I already drive for DoorDash around six hours per week, and my fiancé works part-time while attending school. Neither of us has the bandwidth to take on much more work. Our rent and utilities are 40 percent of our expenses, but we’re tired of moving and our lease doesn’t end for another nine months. There aren’t many other expenses we can cut.
I also have $25,000 in student loan debt (on an income-based repayment plan) which, at the time of this question, is in forbearance until January 2021. We have $2,000 in credit card debt and owe $8,000 on our car.
What’s the best path forward to get us on solid financial footing?
“Chadwick” asks (at 27:24 minutes):
If the market cooperates, my wife and I are on track to be financially independent (FI) in seven years, just by saving 55 percent of our after-tax income and investing in index funds.
There’s a twist, though: my employer pays for our housing, including utilities and maintenance. When I leave my job, we’ll need a place to live, which increases our expenses in FI.
Should I buy the house now and rent it out until we’re ready to move in? Buy in the last year of my work? Or buy a piece of land with the intent to build?
If I buy the house now and rent it out, I assume I’ll need to get an investor mortgage, but if I buy in my last year of work, I worry that the bank won’t give me favorable terms, knowing that I’m quitting soon.
I think we’ll have enough funds to buy a house without a mortgage in our taxable account, but I’d rather not dip into those funds until we reach FI. I’d also prefer to have money in all three of the Roth, Traditional IRA, and taxable buckets while in FI for maximum tax options. Plus, paying for a house in full with our taxable funds would deplete the account dramatically.
What should we do?
“Jon” asks (at 36:48 minutes):
I’m 24 years old and renting my grandparent’s property. Upon their passing, I’ll inherit the property, and I plan to live here forever with the goal of keeping it in the family.
However, the farmhouse was built in the 1860s, and building new seems more sensible than renovating. My plan is to live in the existing house for the next 10 years, and then build new. But I don’t want to begin a 30-year mortgage at age 35.

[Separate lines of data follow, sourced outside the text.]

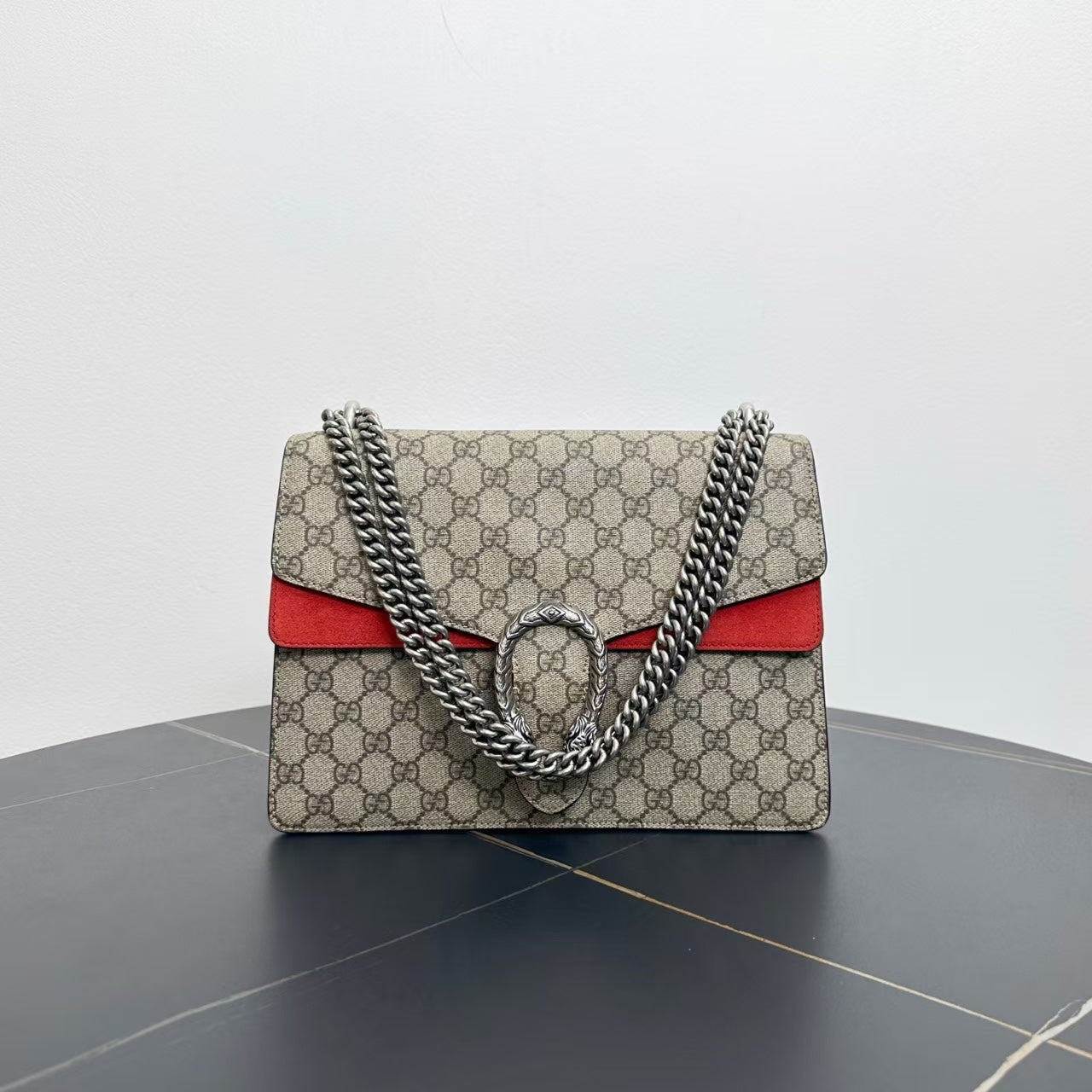 Gucci Dionysus GG Supreme Beige Red Medium Shoulder Bag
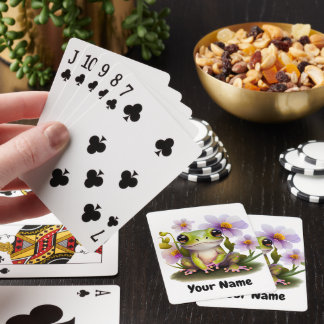 Niedlicher Frosch in Blume Spielkarten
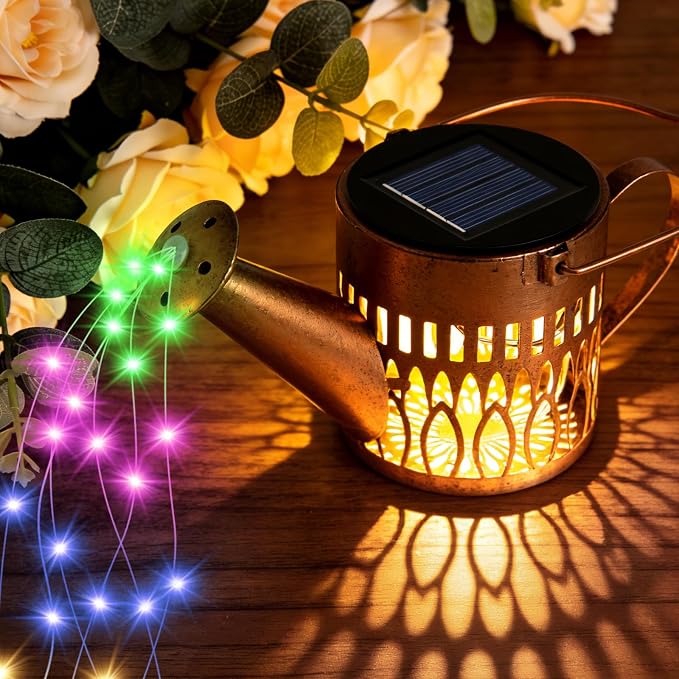 2 Pack Solar Watering Can Lights, Fairy Solar Garden Lights Outdoor Decoration, Waterproof Hanging Lantern Landscape Light for Yard Patio Lawn, Gardening Gifts for Mom Grandma (Multicolor)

Instead, I’m thinking of buying a rental property, this way I can start a mortgage now, while having someone else pay it for me. (If required, I can make additional payments on top of their payment.) Once 10 years pass, I’ll either sell it and use the capital towards a mortgage with a shorter term, or I’ll continue to use it as an extra income stream to help pay for the mortgage on the new build.
I have a good paying job with benefits and good growth potential. I have a decent emergency fund and also have $50,000 saved for a downpayment. I could invest this money in my side business, but I think real estate would yield higher returns. Plus, I believe that building capital is an important component of financial freedom.
Are there better options for the $50,000 I have, or is my plan solid?
Kat asks (at 56:45 minutes):
An investor friend of mine connected me with his agent – a wholesaler who only deals in cash. The subject property I’m looking to buy is $130,000, and I’m trying to figure out how to come up with the money.
I was denied a cash-out refi on my condo because of my low outstanding balance; my loan-to-value ratio isn’t high enough.
I have the cash to buy the property, but it’s tied up in a rollover IRA (which is invested in low-cost index funds).
My current portfolio consists of the rollover IRA, a Roth IRA, liquid cash, and a 457b that I just started.
Should I take the tax hit and use up the nest egg in my rollover IRA to buy an investment property? I’ve also heard that some people use credit cards (in a calculated manner) to buy investment properties – what do you think about that?
Annalis asks (at 1:01:52 minutes):
Which school of thought are you in: Gary Vaynerchuk, or Cal Newport?
Gary believes that you should broadcast your life on social media 24/7 to develop a following at all costs. Cal believes the opposite – you can’t afford to be on social media if you want a successful career, and should instead focus on deep work.
As someone who has a successful following, how do you keep that balance?
Also, how did you become such a good speaker?